De l’avis du ministère des Mines et de la Géologie, le projet Global Alumina a permis de relancer les investissements dans le pays. À Fria, RusAl envisage d’investir plus de 130 millions de dollars pour porter d’ici à 2009 la capacité annuelle de production d’alumine de sa raffinerie à 1 050 000 tonnes, soit une hausse de 35 %.
Outre la bauxite, les gisements de fer de la Guinée forestière (sud) constituent un deuxième pôle d’attraction pour les grandes compagnies minières étrangères. Quelque 3 milliards de tonnes de fer d’une richesse exceptionnelle seraient enfouies sous les monts Nimba et Simandou, à la frontière avec le Liberia et la Côte d’Ivoire. Après avoir effectué plusieurs études de faisabilité, en raison des incertitudes politiques pesant sur le Liberia et la Guinée, le minier australien Rio Tinto s’est engagé, en mai 2007, à mobiliser quelque 6 milliards de dollars pour la construction d’une mine, d’une ligne de chemin de fer longue de 700 kilomètres et d’un port en eau profonde à Matakang (côte sud). La compagnie brésilienne CVRD a également obtenu cinq permis de recherche l’an dernier.
Si, depuis l’indépendance du pays en 1958, le fer guinéen fait l’objet des projets les plus ambitieux de la part des multinationales étrangères, le pétrole est, lui aussi, convoité. Mais le dossier est épineux. Depuis 2005, l’État et la compagnie américaine Hyperdynamics se livrent une bataille serrée. Après avoir racheté US Oil en 2002, Hyperdynamics revendique la totalité des 80 000 km2 de l’offshore guinéen. Conakry ne l’a pas entendu de cette oreille, qui a demandé à revoir le contrat d’US Oil. En septembre 2006, 64 % de la surface a finalement été rétrocédée à l’État. Une bagarre qui témoigne de la volonté des autorités de garantir une certaine transparence et de promouvoir le développement du pays par ses richesses minières. Dans cet objectif, le gouvernement envisage de revoir toutes les conventions minières
En attendant, d’autres sociétés minières s’intéressent de très près à l’uranium caché dans le sous-sol guinéen. Le 17 août, l’australienne Murchison a annoncé avoir découvert des réserves de ce minerai sur le site de Firawa, à Kissidougou (600 kilomètres au sud-est de Conakry). Depuis, Thierno Souleymane Diallo, coordinateur du projet Advanced Management Technologies (Amtec) au ministère des Mines, a confirmé l’importance du dépôt uranifère identifié, tout en soulignant que le minerai concerné afficherait de fortes teneurs en uranium, ce qui le rendrait intéressant à exploiter.

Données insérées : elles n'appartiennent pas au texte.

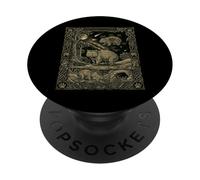 Celestial Wombat Tarot Cartas Astronomía PopSockets PopGrip Adhesivo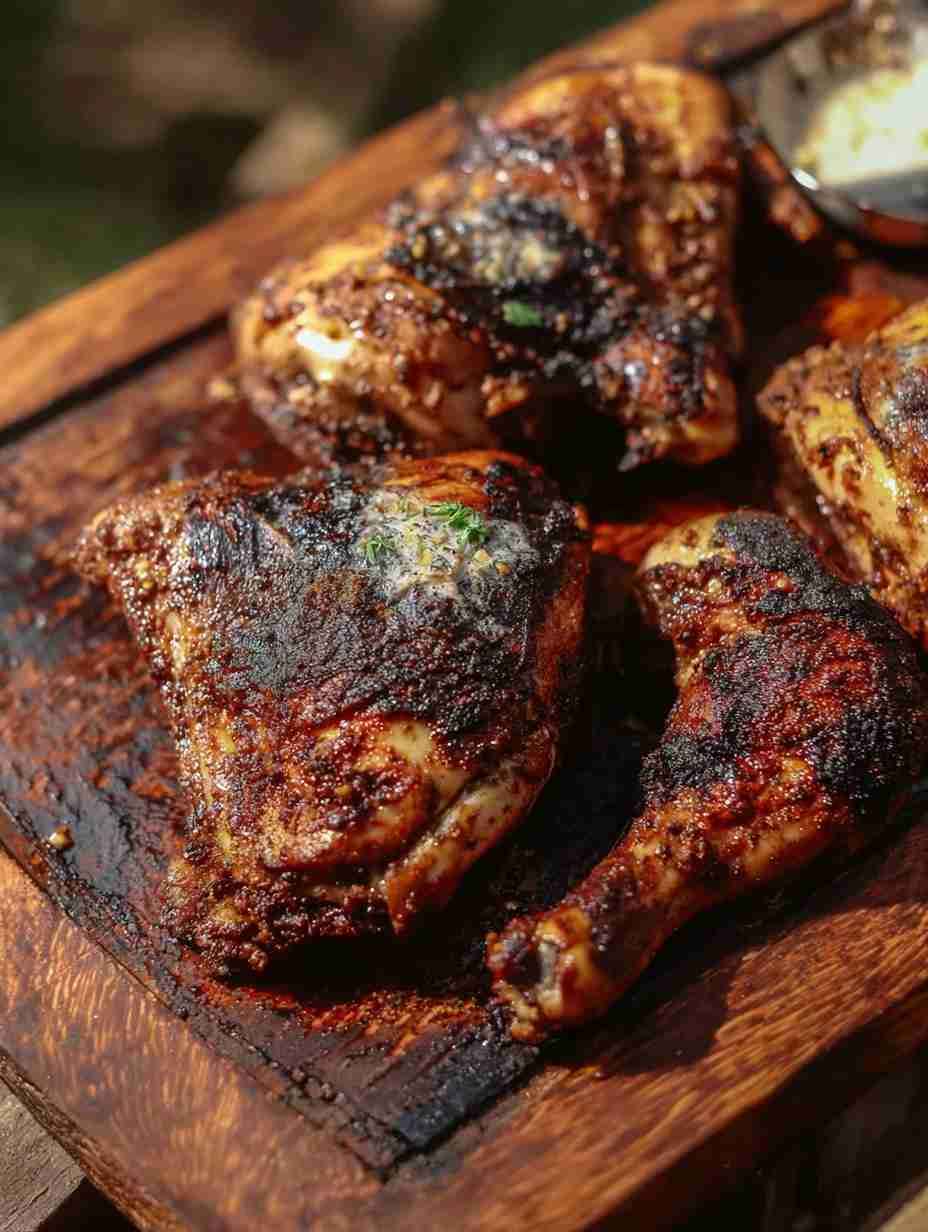 Smoky Pecan Chicken with Zesty Alabama White Sauce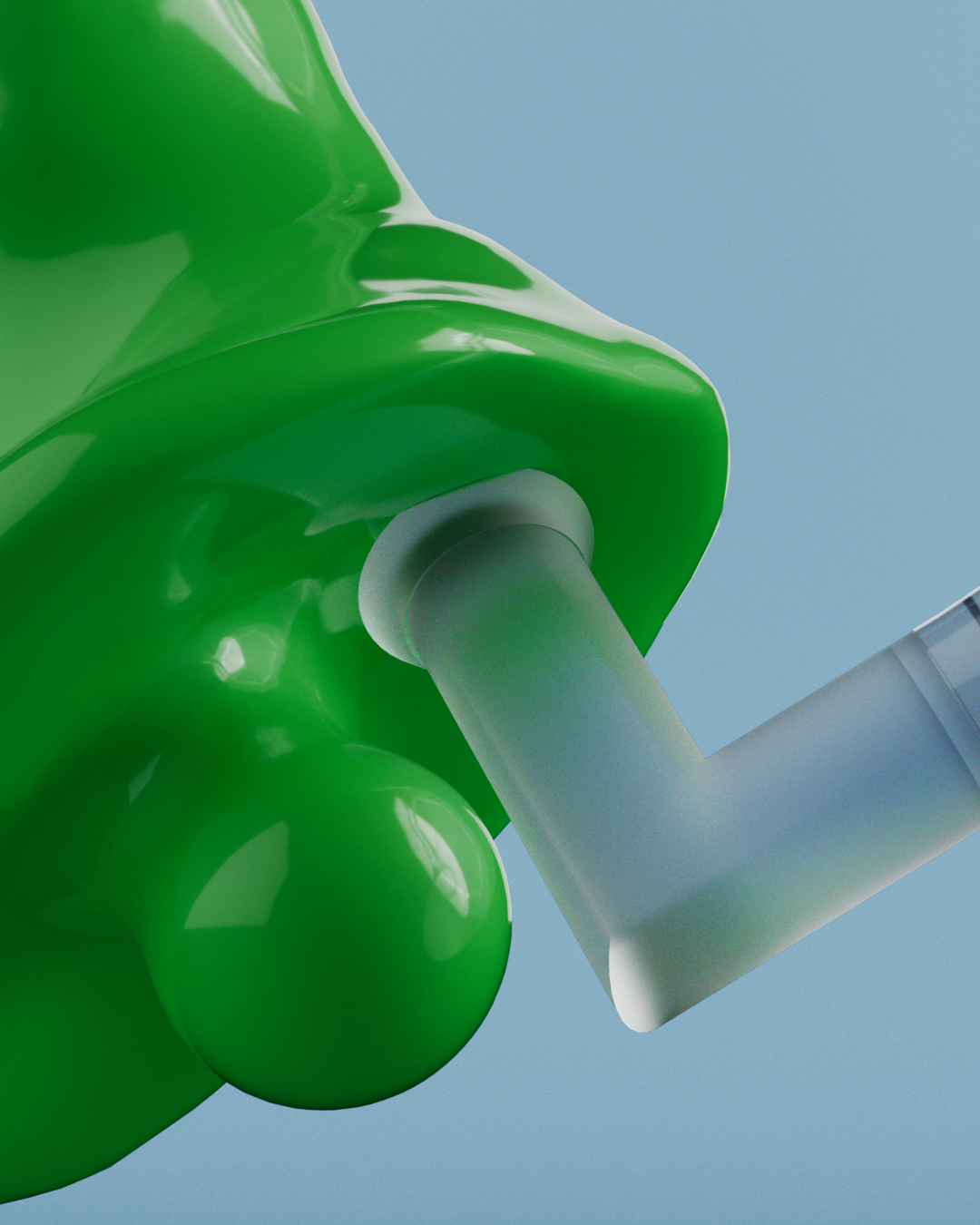 porto oordroppen op maat detail groen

La compagnie australienne dispose d’une demi-douzaine de permis de recherche pour Firawa, mais également à Séssé, dans la région de Nzérékoré (sud-est). Selon le ministre des Mines et de la Géologie, Ahmad Kanté, d’autres sociétés, parmi lesquelles figurerait une sud-africaine, sont « en phase de recherche ». En clair, le sous-sol guinéen n’a pas fini d’attirer les investisseurs.